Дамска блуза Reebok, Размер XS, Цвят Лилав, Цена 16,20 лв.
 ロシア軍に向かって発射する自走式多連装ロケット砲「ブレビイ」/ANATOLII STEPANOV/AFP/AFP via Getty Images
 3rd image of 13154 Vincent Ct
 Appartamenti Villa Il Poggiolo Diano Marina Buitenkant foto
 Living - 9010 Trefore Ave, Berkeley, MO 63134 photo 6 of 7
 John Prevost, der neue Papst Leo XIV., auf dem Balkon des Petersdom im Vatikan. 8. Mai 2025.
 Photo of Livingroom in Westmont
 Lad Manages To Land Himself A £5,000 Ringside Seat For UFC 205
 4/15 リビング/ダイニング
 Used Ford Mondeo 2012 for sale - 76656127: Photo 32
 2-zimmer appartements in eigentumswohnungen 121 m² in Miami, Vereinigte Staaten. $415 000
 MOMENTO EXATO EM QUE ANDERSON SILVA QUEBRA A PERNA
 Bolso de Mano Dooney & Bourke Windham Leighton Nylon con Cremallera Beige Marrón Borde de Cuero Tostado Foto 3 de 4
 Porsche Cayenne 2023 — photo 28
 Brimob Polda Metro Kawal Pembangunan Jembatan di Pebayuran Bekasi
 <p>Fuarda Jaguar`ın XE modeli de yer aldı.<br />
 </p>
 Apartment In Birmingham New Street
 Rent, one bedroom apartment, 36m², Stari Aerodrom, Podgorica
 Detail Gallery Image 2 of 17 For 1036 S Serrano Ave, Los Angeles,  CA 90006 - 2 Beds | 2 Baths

● Work instructions
Starting at the first line of the data above, retype each line exactly until you reach the line containing "Living - 9010", and include that line too.

● Task answer
Дамска блуза Reebok, Размер XS, Цвят Лилав, Цена 16,20 лв.
 ロシア軍に向かって発射する自走式多連装ロケット砲「ブレビイ」/ANATOLII STEPANOV/AFP/AFP via Getty Images
 3rd image of 13154 Vincent Ct
 Appartamenti Villa Il Poggiolo Diano Marina Buitenkant foto
 Living - 9010 Trefore Ave, Berkeley, MO 63134 photo 6 of 7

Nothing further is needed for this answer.